Dataset records: Begin

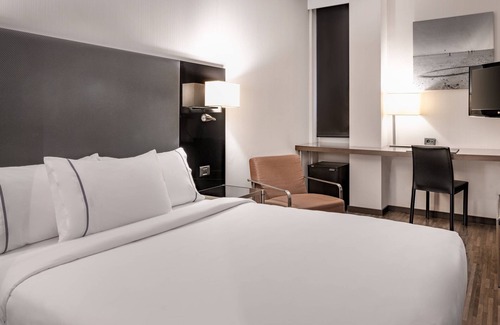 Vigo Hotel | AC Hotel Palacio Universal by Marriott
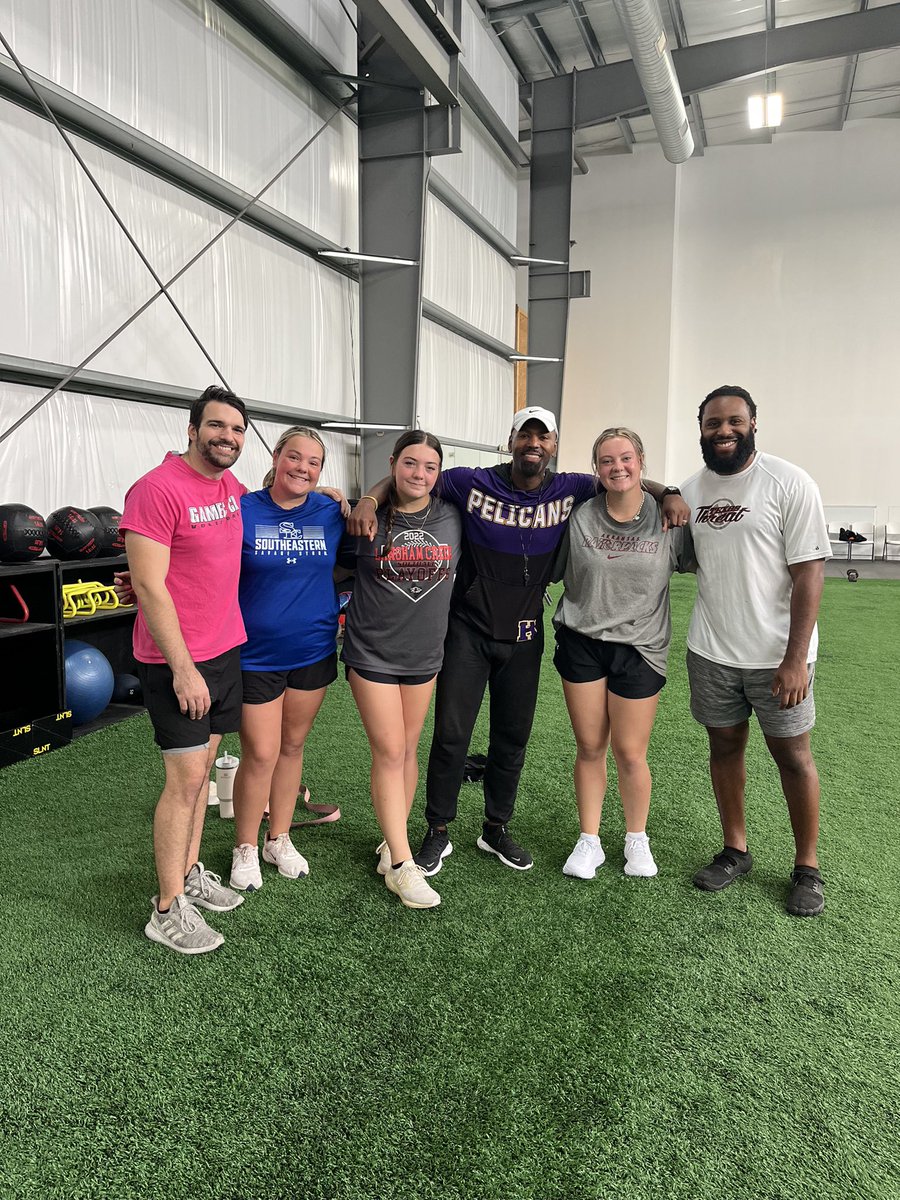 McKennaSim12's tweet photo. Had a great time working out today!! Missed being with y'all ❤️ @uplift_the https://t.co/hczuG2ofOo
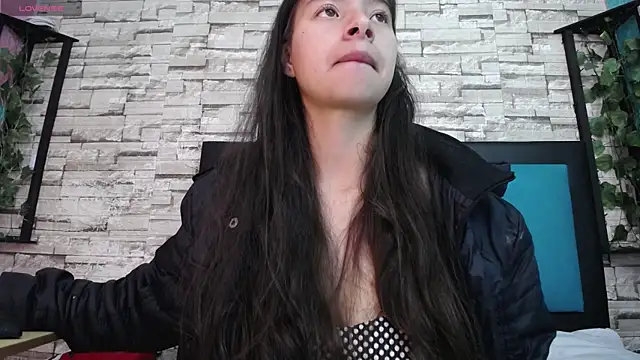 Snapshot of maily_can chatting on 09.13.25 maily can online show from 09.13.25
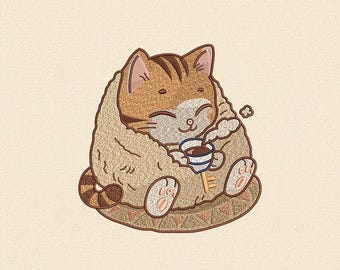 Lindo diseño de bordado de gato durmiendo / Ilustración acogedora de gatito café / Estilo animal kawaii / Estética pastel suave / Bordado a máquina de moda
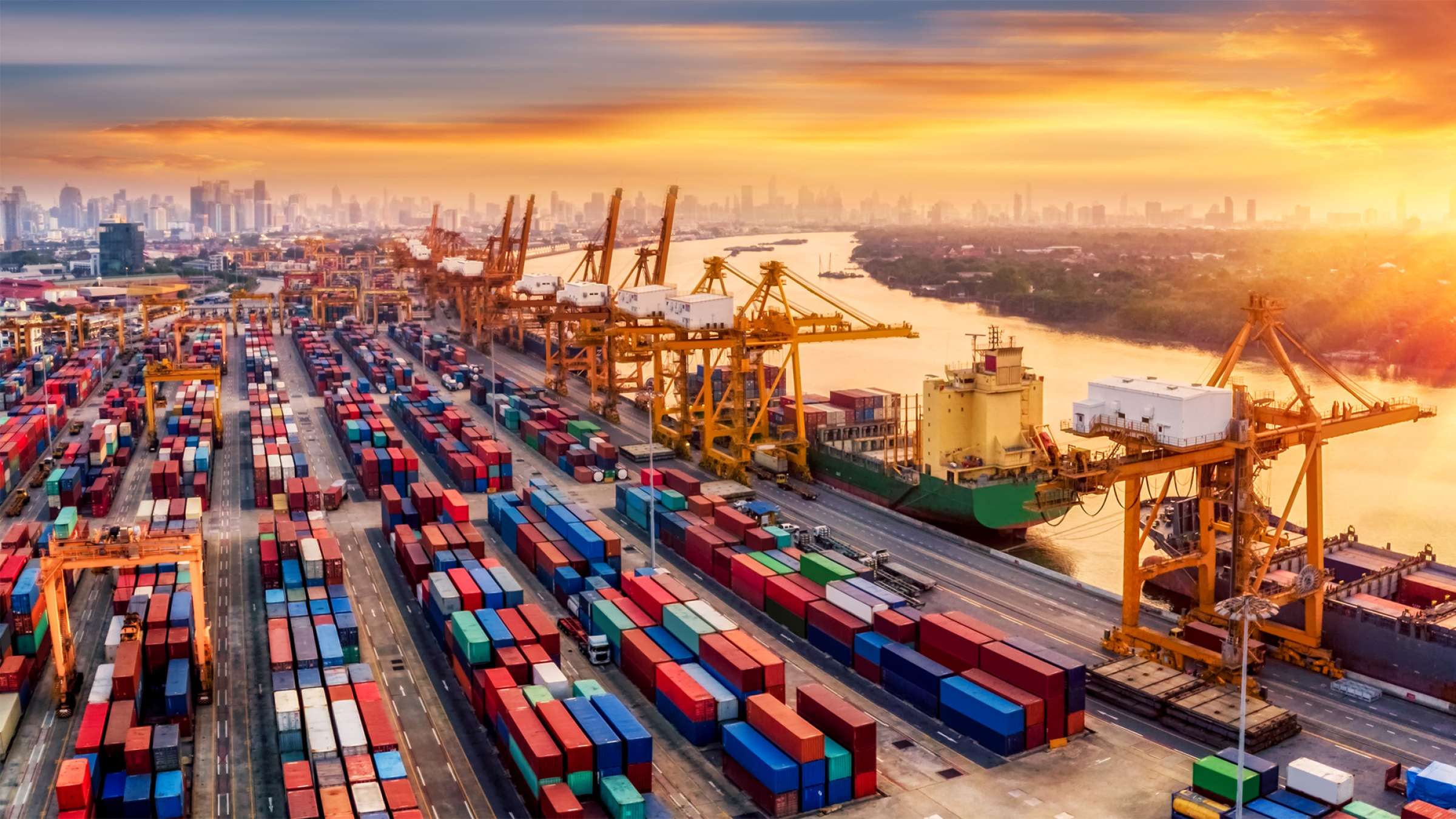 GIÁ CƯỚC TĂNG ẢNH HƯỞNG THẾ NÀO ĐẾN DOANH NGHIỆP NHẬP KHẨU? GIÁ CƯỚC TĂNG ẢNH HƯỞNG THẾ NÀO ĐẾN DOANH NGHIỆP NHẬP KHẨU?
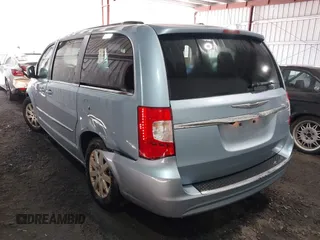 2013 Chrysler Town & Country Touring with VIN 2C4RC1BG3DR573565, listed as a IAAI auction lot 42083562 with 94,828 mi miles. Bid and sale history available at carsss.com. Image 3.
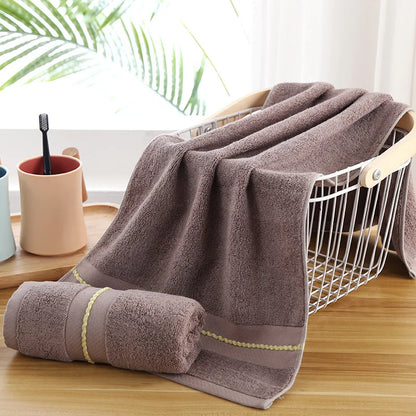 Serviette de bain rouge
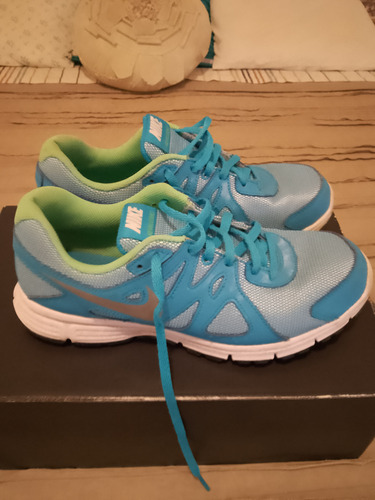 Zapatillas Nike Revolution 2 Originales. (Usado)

Dataset records: End
Dataset records: Begin

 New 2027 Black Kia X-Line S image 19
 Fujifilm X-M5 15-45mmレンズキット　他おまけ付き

Dataset records: End

* _Problem details_: Only the lines above starting with the line with "Vigo Hotel |" and going on through the line with "Zapatillas Nike Revolution" belong in the answer; repeat them exactly, minus any picture.

* _Output of the task_:
 Vigo Hotel | AC Hotel Palacio Universal by Marriott
 McKennaSim12's tweet photo. Had a great time working out today!! Missed being with y'all ❤️ @uplift_the https://t.co/hczuG2ofOo
 Snapshot of maily_can chatting on 09.13.25 maily can online show from 09.13.25
 Lindo diseño de bordado de gato durmiendo / Ilustración acogedora de gatito café / Estilo animal kawaii / Estética pastel suave / Bordado a máquina de moda
 GIÁ CƯỚC TĂNG ẢNH HƯỞNG THẾ NÀO ĐẾN DOANH NGHIỆP NHẬP KHẨU? GIÁ CƯỚC TĂNG ẢNH HƯỞNG THẾ NÀO ĐẾN DOANH NGHIỆP NHẬP KHẨU?
 2013 Chrysler Town & Country Touring with VIN 2C4RC1BG3DR573565, listed as a IAAI auction lot 42083562 with 94,828 mi miles. Bid and sale history available at carsss.com. Image 3.
 Serviette de bain rouge
 Zapatillas Nike Revolution 2 Originales. (Usado)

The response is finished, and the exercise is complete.